Exercise goal —
Print the listing below verbatim, passing over each picture.

Dataset section —
#####

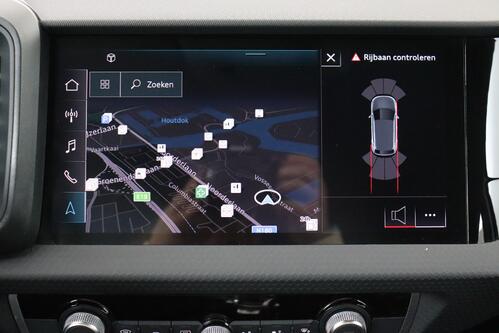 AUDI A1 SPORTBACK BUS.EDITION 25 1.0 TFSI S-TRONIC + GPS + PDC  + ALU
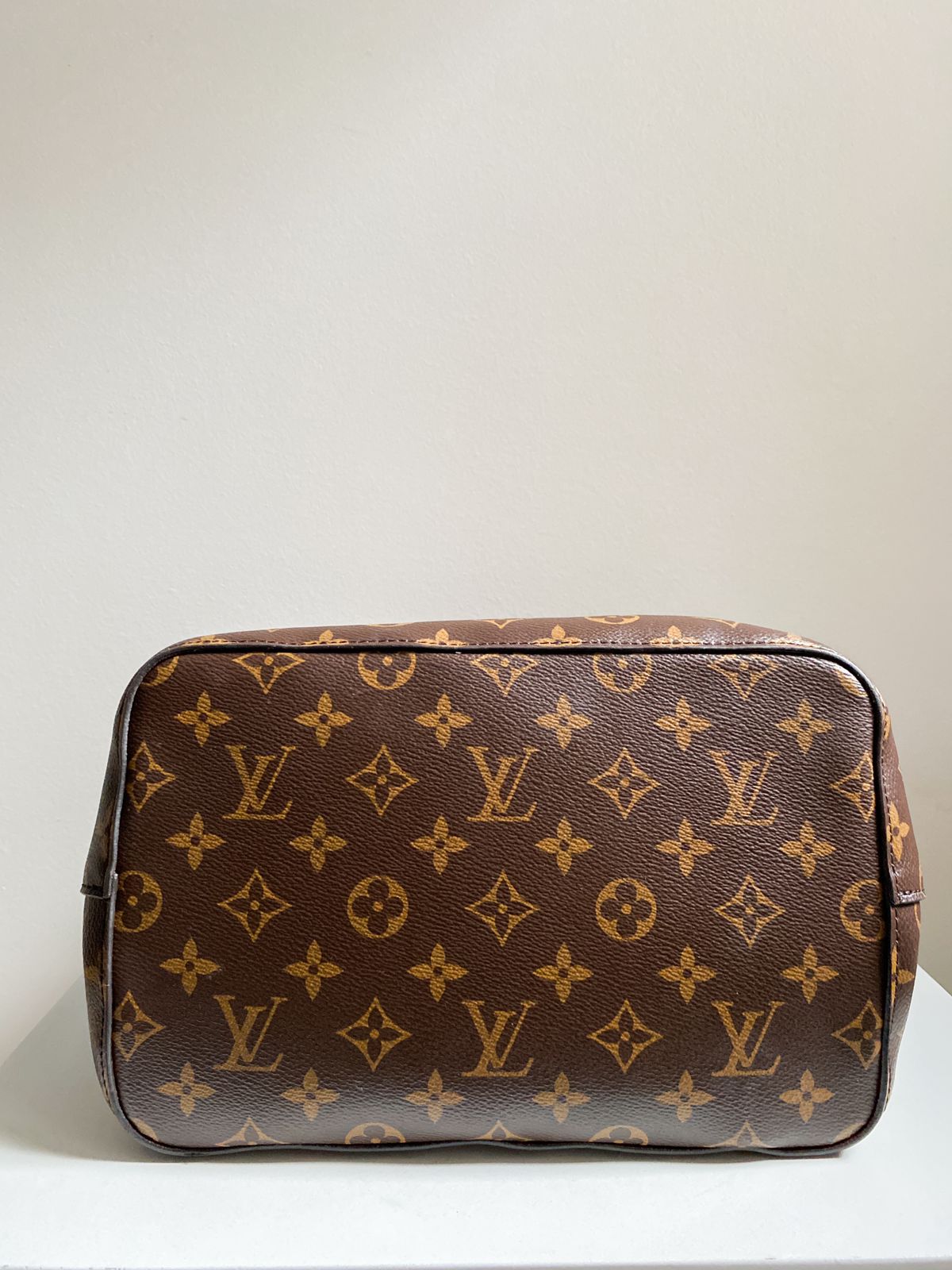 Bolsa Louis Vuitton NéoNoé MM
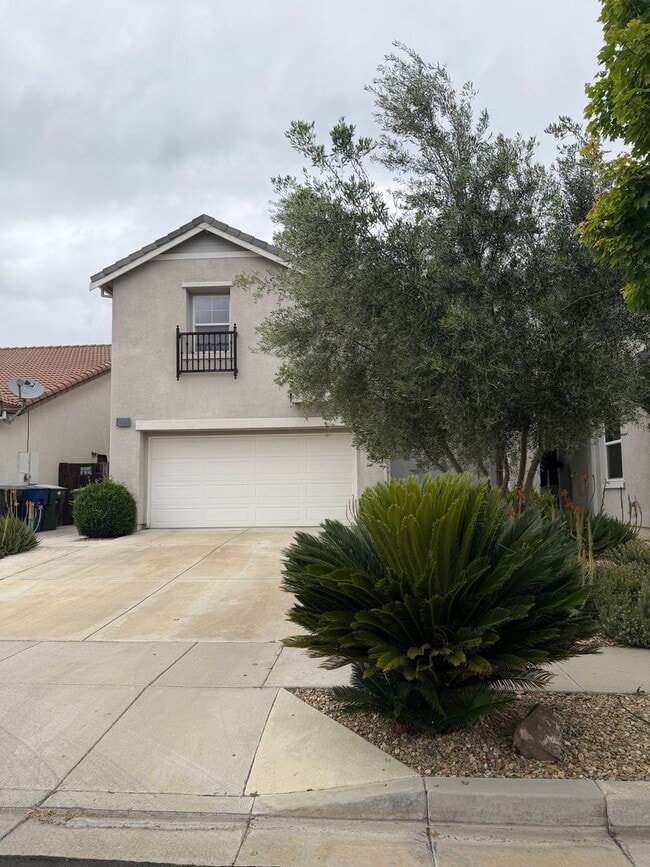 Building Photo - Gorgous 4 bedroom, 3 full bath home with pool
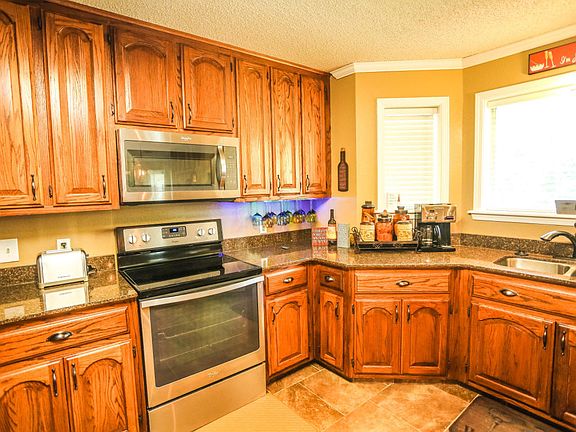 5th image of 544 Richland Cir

#####

Output for this task —
 AUDI A1 SPORTBACK BUS.EDITION 25 1.0 TFSI S-TRONIC + GPS + PDC  + ALU
 Bolsa Louis Vuitton NéoNoé MM
 Building Photo - Gorgous 4 bedroom, 3 full bath home with pool
 5th image of 544 Richland Cir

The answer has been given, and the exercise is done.